[Image-text web data]
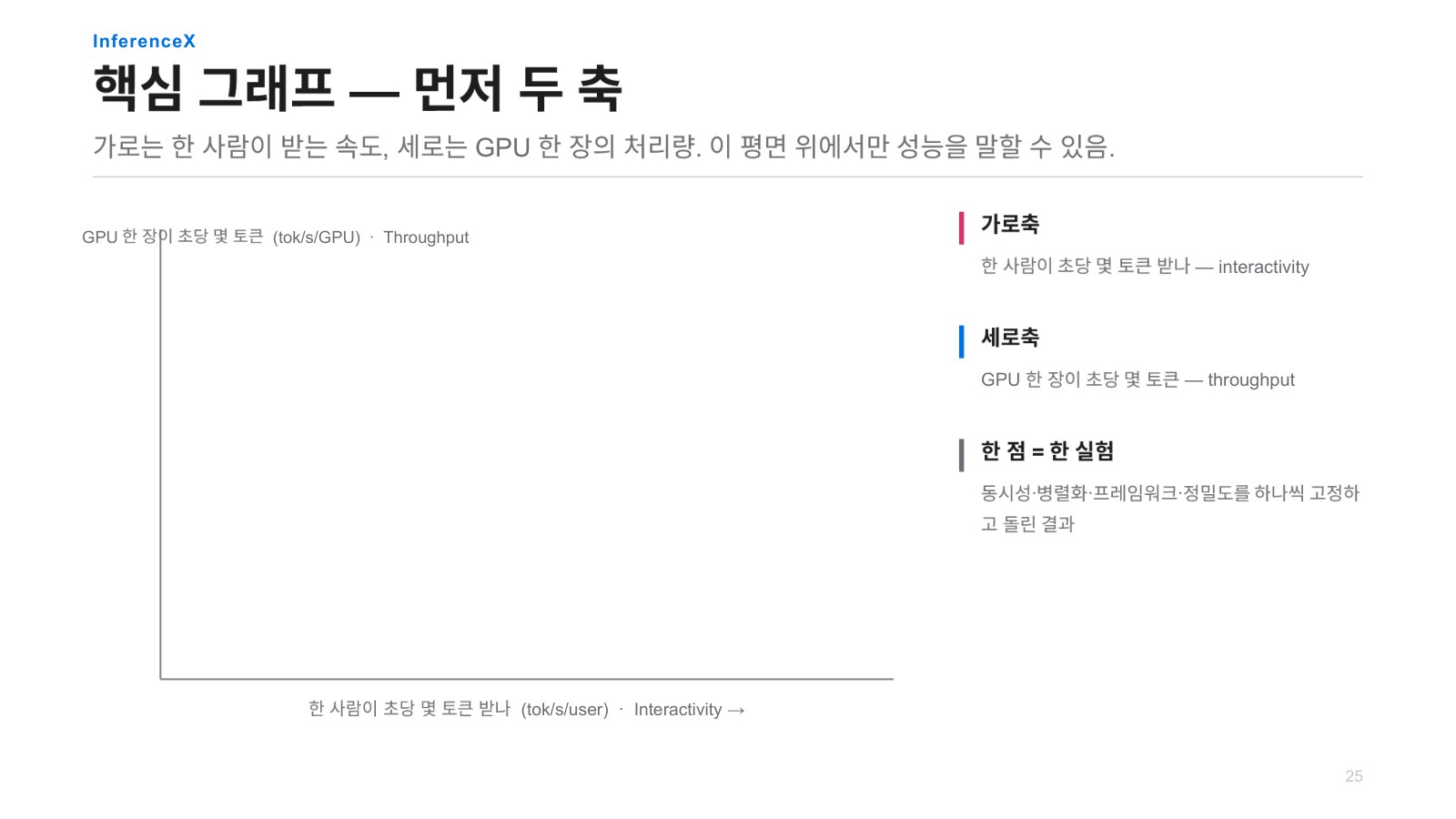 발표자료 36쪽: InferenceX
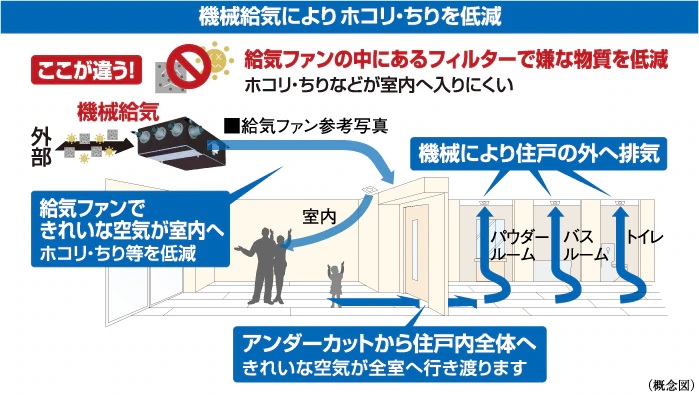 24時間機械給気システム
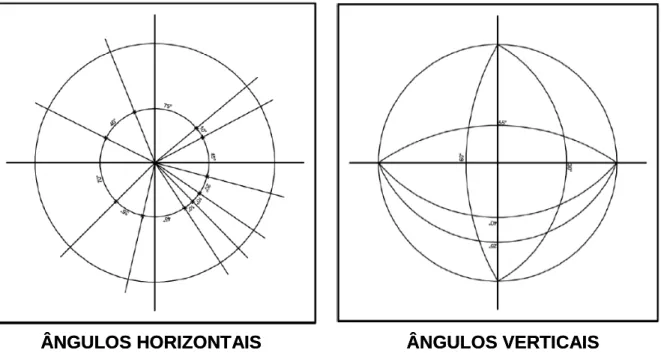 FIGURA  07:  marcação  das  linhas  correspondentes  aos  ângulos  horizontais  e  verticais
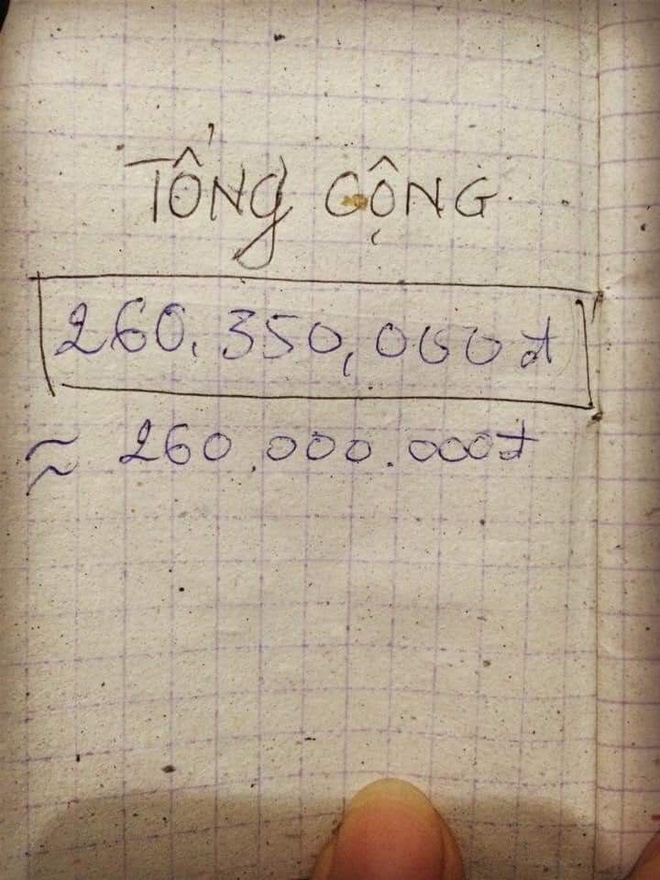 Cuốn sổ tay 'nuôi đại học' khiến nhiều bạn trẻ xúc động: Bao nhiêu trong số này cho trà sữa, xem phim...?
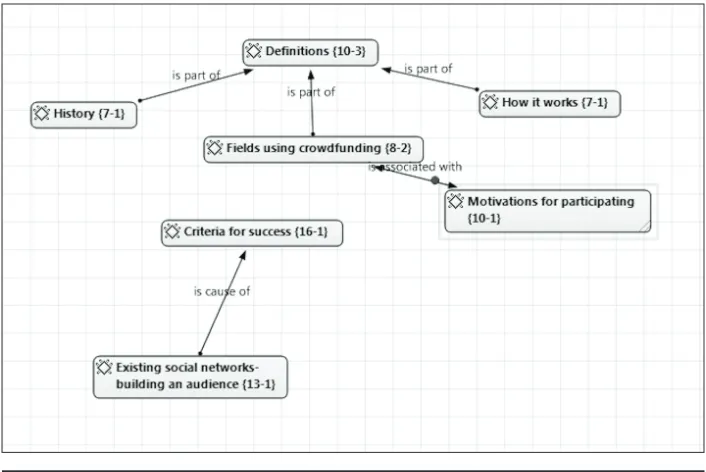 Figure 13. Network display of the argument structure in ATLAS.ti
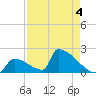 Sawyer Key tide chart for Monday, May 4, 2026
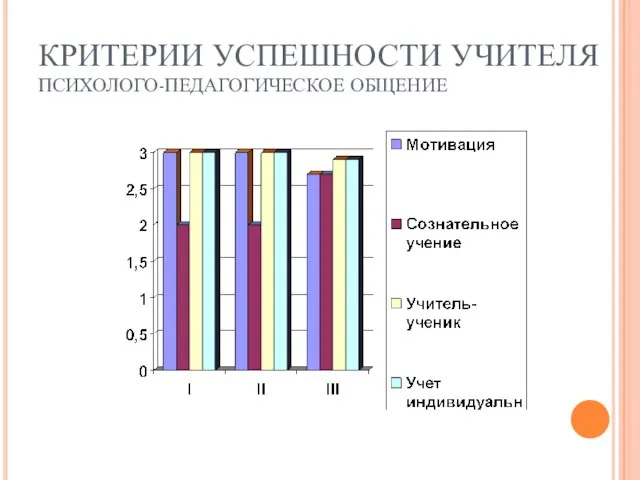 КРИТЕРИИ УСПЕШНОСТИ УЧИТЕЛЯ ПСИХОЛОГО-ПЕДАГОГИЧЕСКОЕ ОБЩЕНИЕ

- **Task statement**
Please copy the records above word for word, omitting every picture.

- **Response**
 발표자료 36쪽: InferenceX
 24時間機械給気システム
 FIGURA  07:  marcação  das  linhas  correspondentes  aos  ângulos  horizontais  e  verticais
 Cuốn sổ tay 'nuôi đại học' khiến nhiều bạn trẻ xúc động: Bao nhiêu trong số này cho trà sữa, xem phim...?
 Figure 13. Network display of the argument structure in ATLAS.ti
 Sawyer Key tide chart for Monday, May 4, 2026
 КРИТЕРИИ УСПЕШНОСТИ УЧИТЕЛЯ ПСИХОЛОГО-ПЕДАГОГИЧЕСКОЕ ОБЩЕНИЕ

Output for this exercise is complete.